L’ Union européenne est un réducteur d’inégalités

L’ Union européenne est engagée depuis son origine dans la réduction  des inégalités entre les Etats membres de l’Union, et aussi entre les régions de l’Union. Le résultat de cette politique à long terme n’est pas négligeable : les pays « en retard » parviennent peu à peu à combler leur retard, les régions les plus défavorisées sont fortement soutenues. Avec les élargissements de l’Union de 2004 et 2007, les aides communautaires pour les régions défavorisées se concentrent désormais surtout sur les régions en retard, ce qui est évident, qui se trouvent presque toutes dans les nouveaux pays membres (Europe centrale). On peut y ajouter le sud de l’Espagne et de l’Italie et le Portugal.
Lorsqu’on parle de l’Union européenne, ce rôle de l’Union comme réducteur d’inégalité de devrait pas être occulté, même si on n’en parle guère actuellement. Il est vrai que les aides communautaires pour les régions ne profitent quasiment plus aux régions de France (à l’exception des régions ultra-marines). Certains programmes en France bénéficient encore du Fonds social européen (par exemple des opérations de reconversion).

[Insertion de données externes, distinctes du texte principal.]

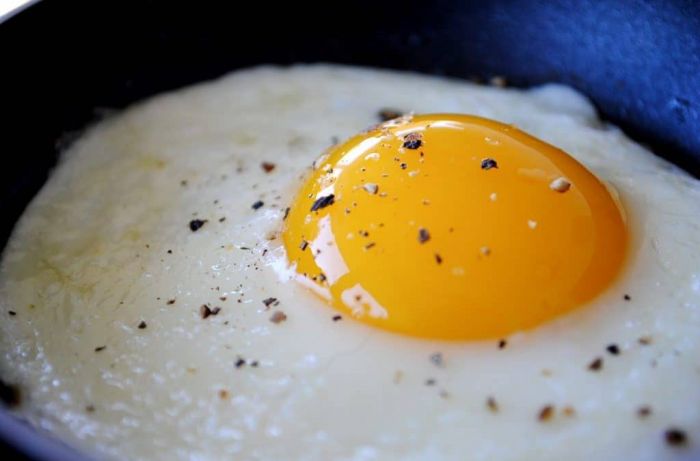Amankah Mengonsumsi Telur Setengah Matang? 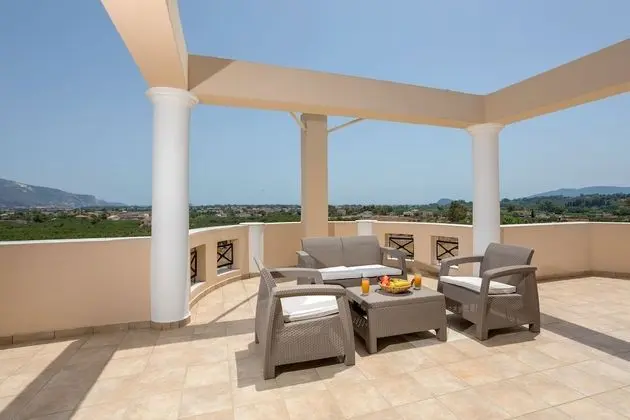 Villa, 4 Yatak Odası, Şömine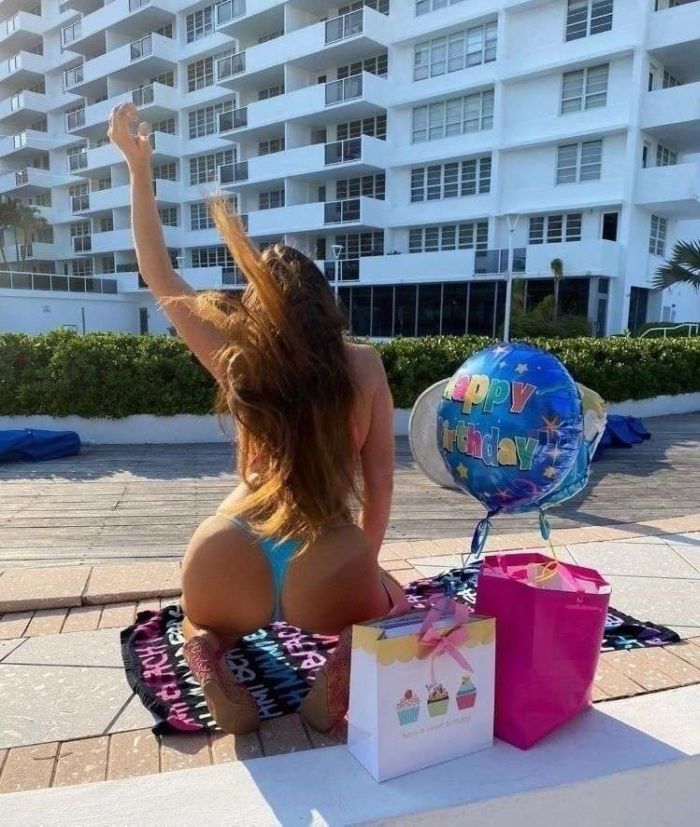 Claudia Romani Celebrated Her Birthday At The Swimming Pool In Miami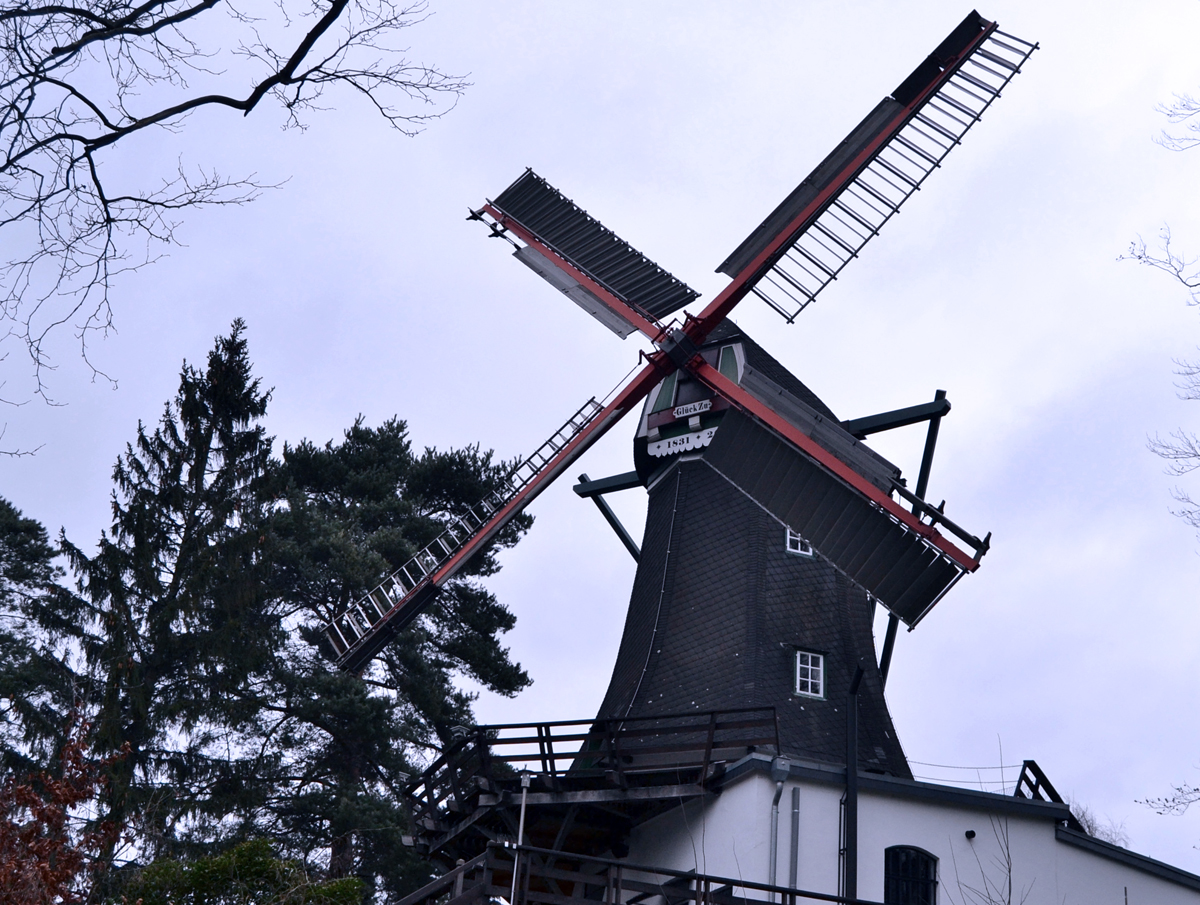 Bergedorfer Mühle, Windmühle, technisches Denkmal, Frühlingsmarkt, Museum, verkaufsoffener Sonntag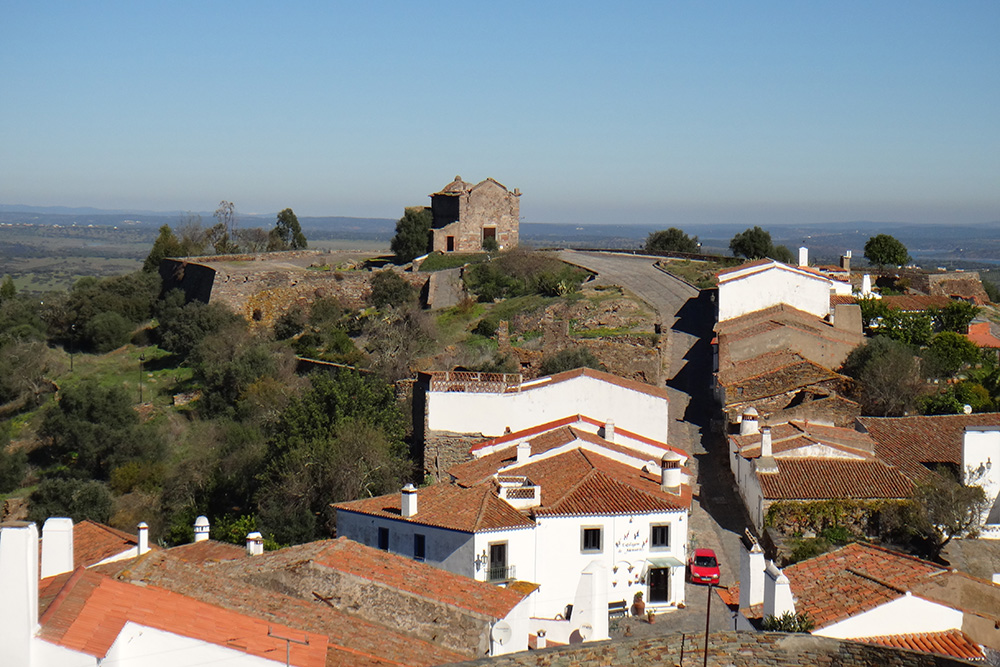 Monsaraz, vila com muralhas medievais no coração do Alentejo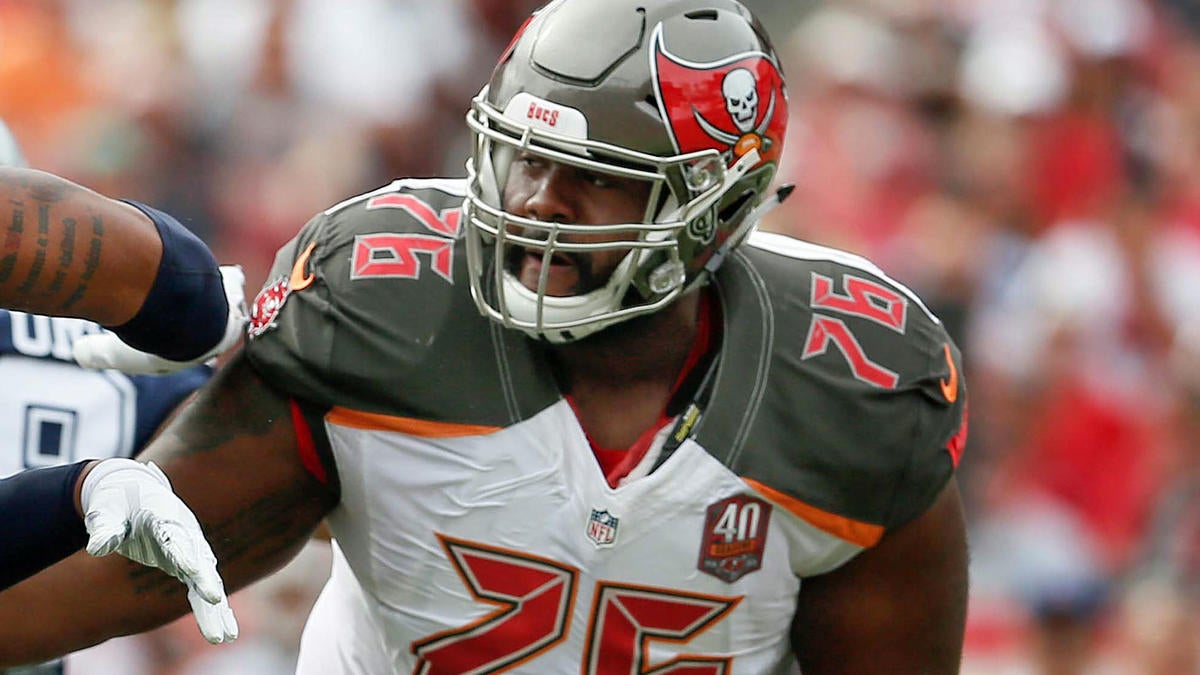 Buccaneers, OT Donovan Smith Come To Terms On Two-year, $31.8 Million ...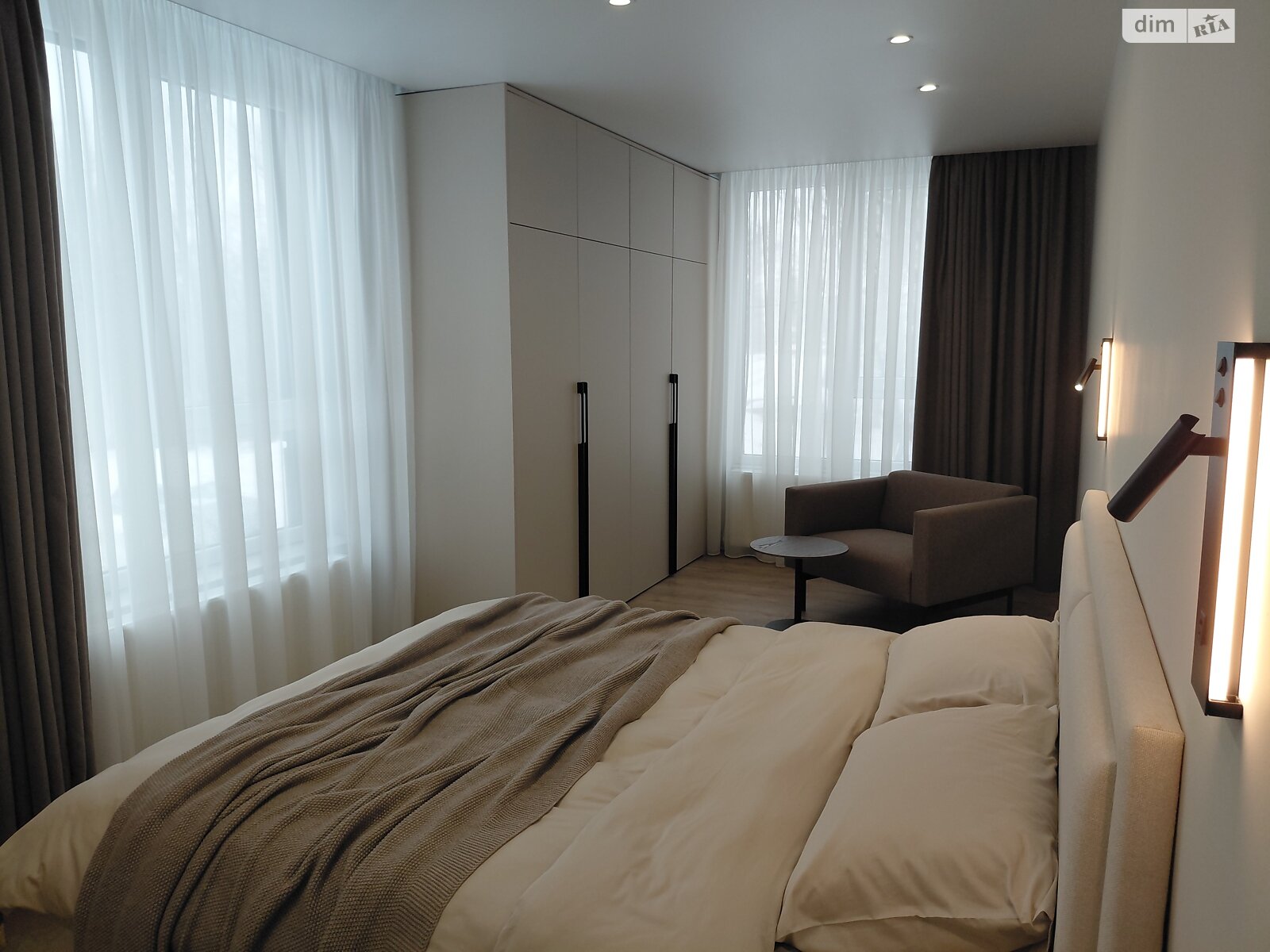 Продажа трехкомнатной квартиры в Тернополе, на ул. Черновецкая 64А, район Оболоня фото 1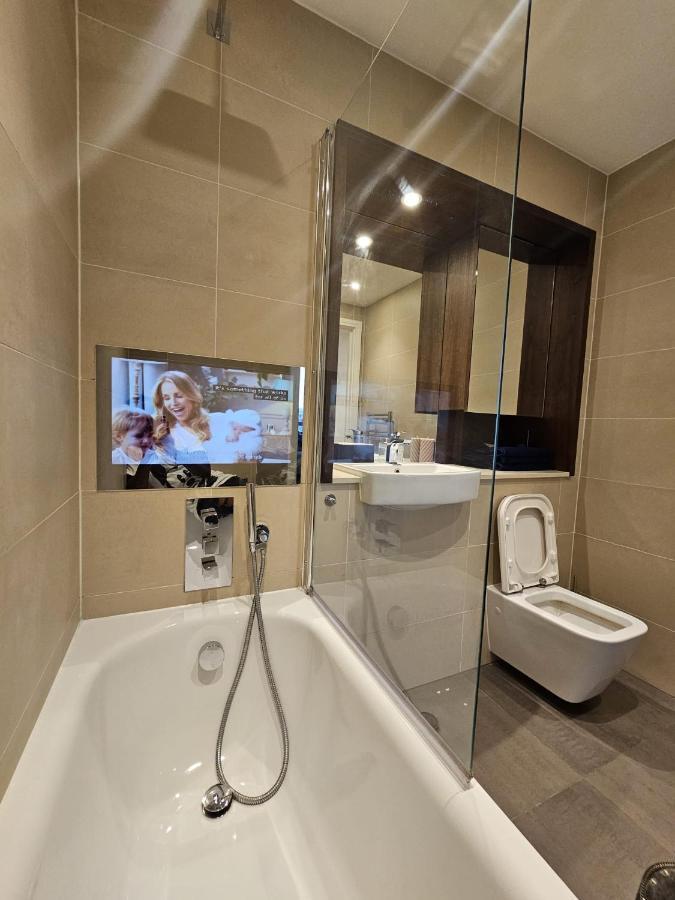 2 Bed Luxurious Apartments Canary Wharf Londra Dış mekan fotoğraf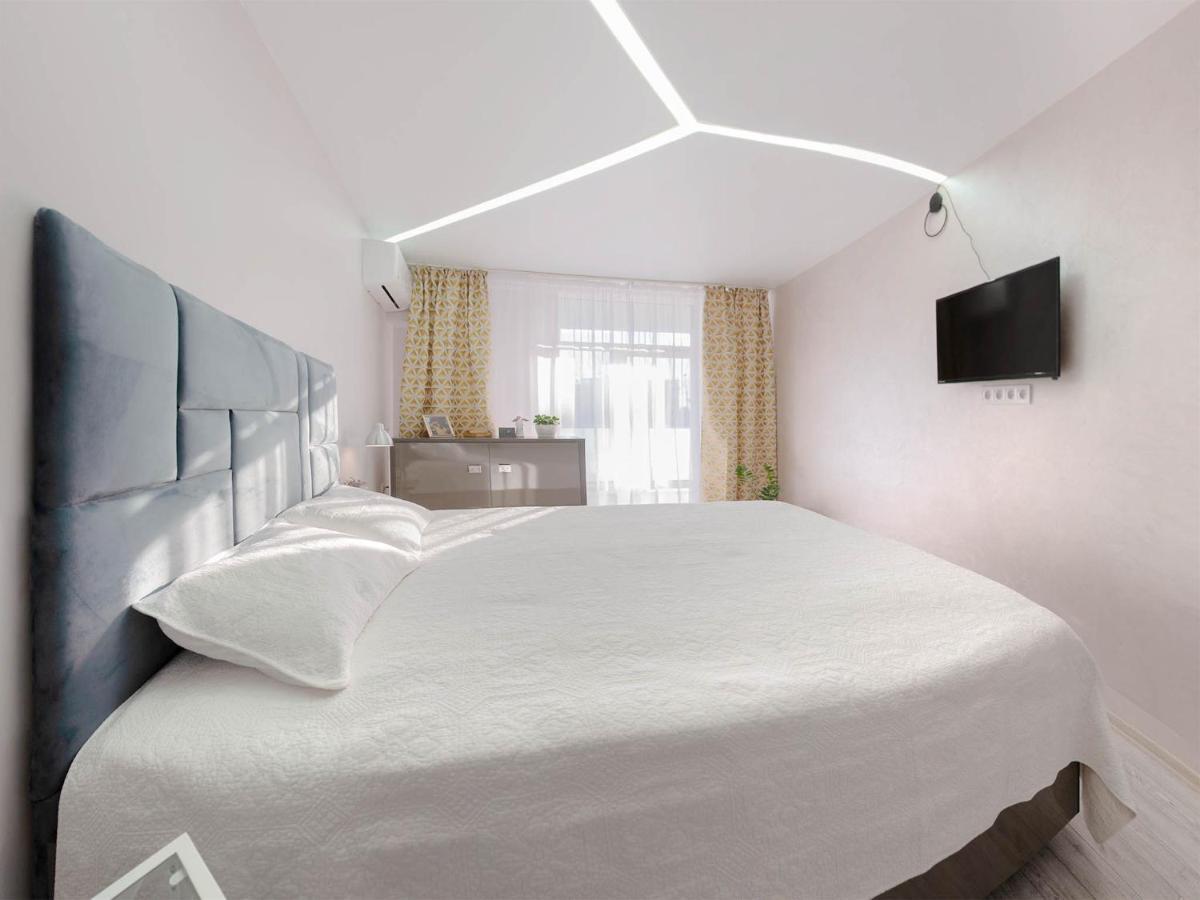 Апартаменты 3-room Avalon *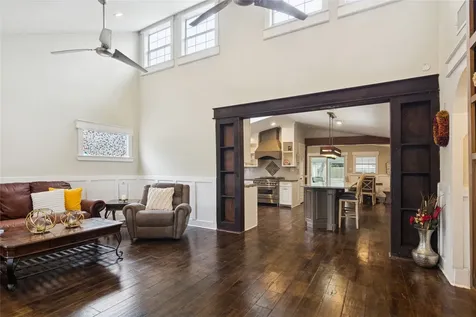 1910 East Avenue Katy TX 77493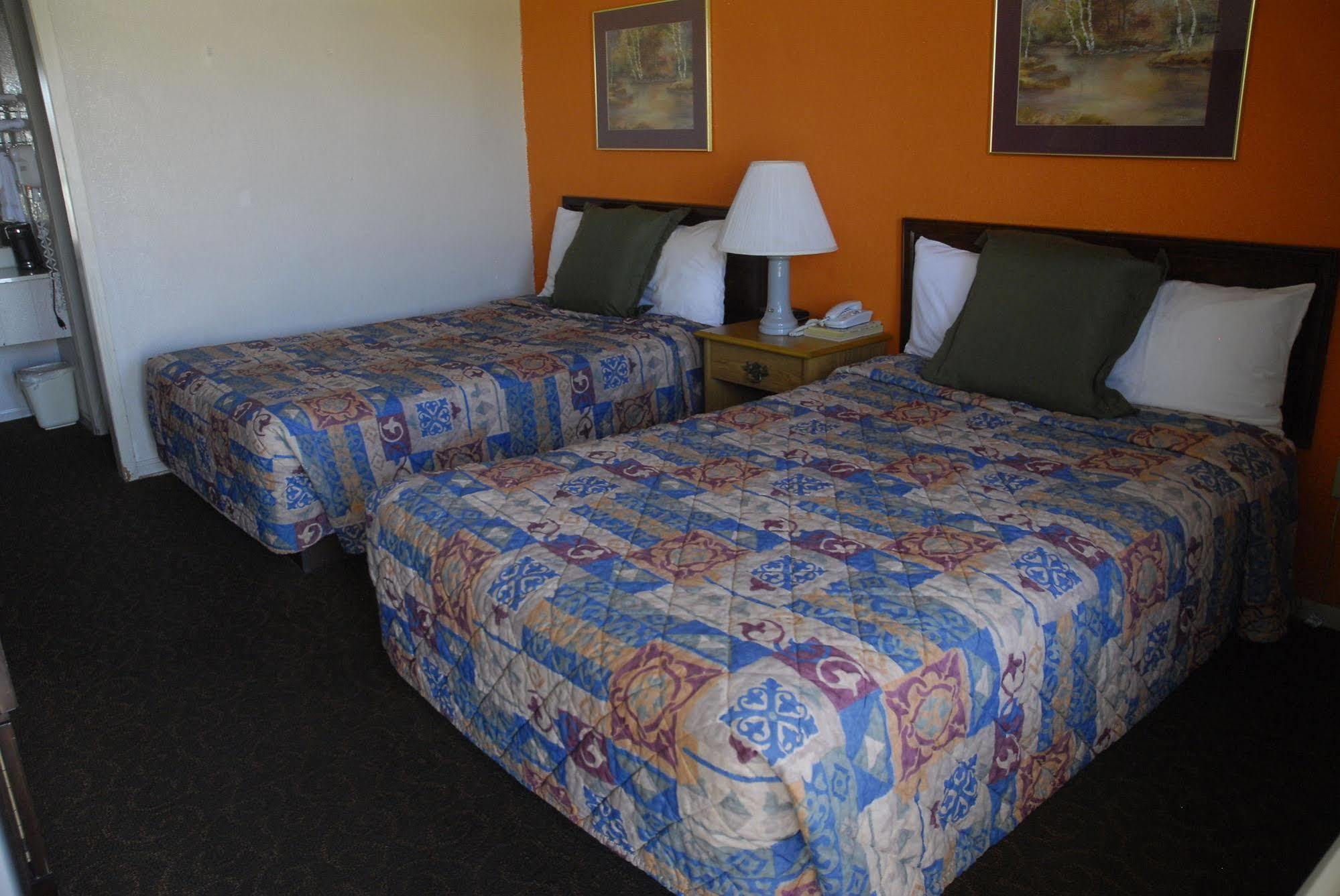 America'S Best Inn And Suites Emporia Εξωτερικό φωτογραφία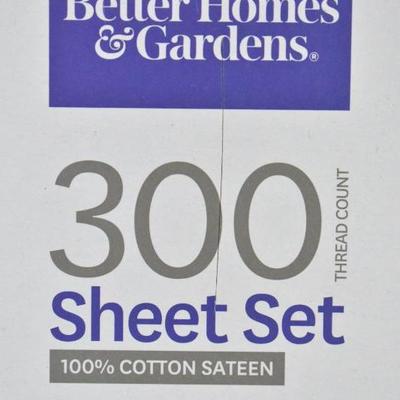 BH&G Full Size Sheet Set, Mint Garden Green, 300 Thread Count - New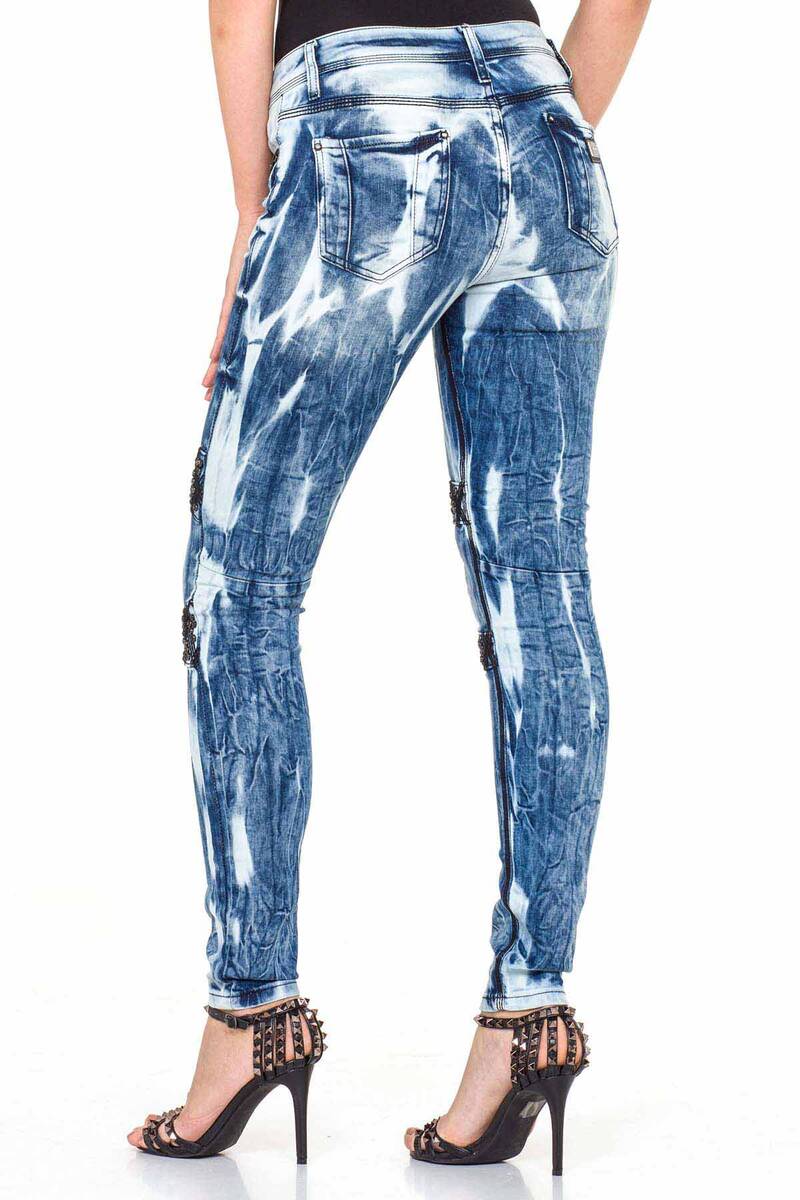 WD368 Women's skinny jeans with fashionable embroidery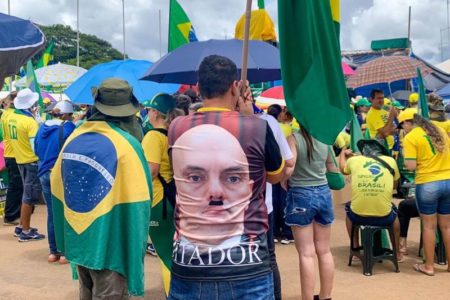 manifestação bolsonarista no QG do Exército em Brasília na data 18-12-2022 - Metrópoles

L’Union européenne, instrument de coopération régionale

Les critiques adressées habituellement au fonctionnement des institutions européennes – opacité, bureaucratie pléthorique, production de normes et de règlements éloignés des préoccupations des citoyens, entre autres – ont souvent tendance à ignorer le bilan de cinquante années d’une politique régionale active et multiforme. Sous l’appellation parfois de politique de cohésion sociale et territoriale, elle se propose de contribuer à réduire les inégalités et les disparités existant entre pays membres mais aussi à l’intérieur de chacun. Cet aspect méconnu de l’action de Bruxelles, qui repose sur le principe de solidarité entre les participants de l’Union, se traduit par la mise en œuvre de fonds européens aux acronymes évidemment peu médiatiques mais dotés de moyens étendus. Ces fonds représentent aujourd’hui plus du tiers du budget communautaire, le deuxième poste de dépenses après la politique agricole commune, et les premiers bénéficiaires en sont sans surprise les nouveaux entrants aux économies bien moins développées que celles des membres historiques, mais ils permettent aussi à ces derniers de recevoir leur part et de financer des projets dans des zones réputées défavorisées, difficiles d’accès, enclavées ou touchées par le dépeuplement ou la désindustrialisation. Le principe de cette redistribution se trouvait déjà inscrit dès l’origine dans les traités de Rome; il a été repris dans tous les textes qui leur ont succédé et les ont complétés. La dernière version du «traité sur le fonctionnement de l’Union européenne» le rappelle dans son article 174: «l’Union vise à réduire l’écart entre les niveaux de développement des diverses régions et le retard des régions les moins défavorisées».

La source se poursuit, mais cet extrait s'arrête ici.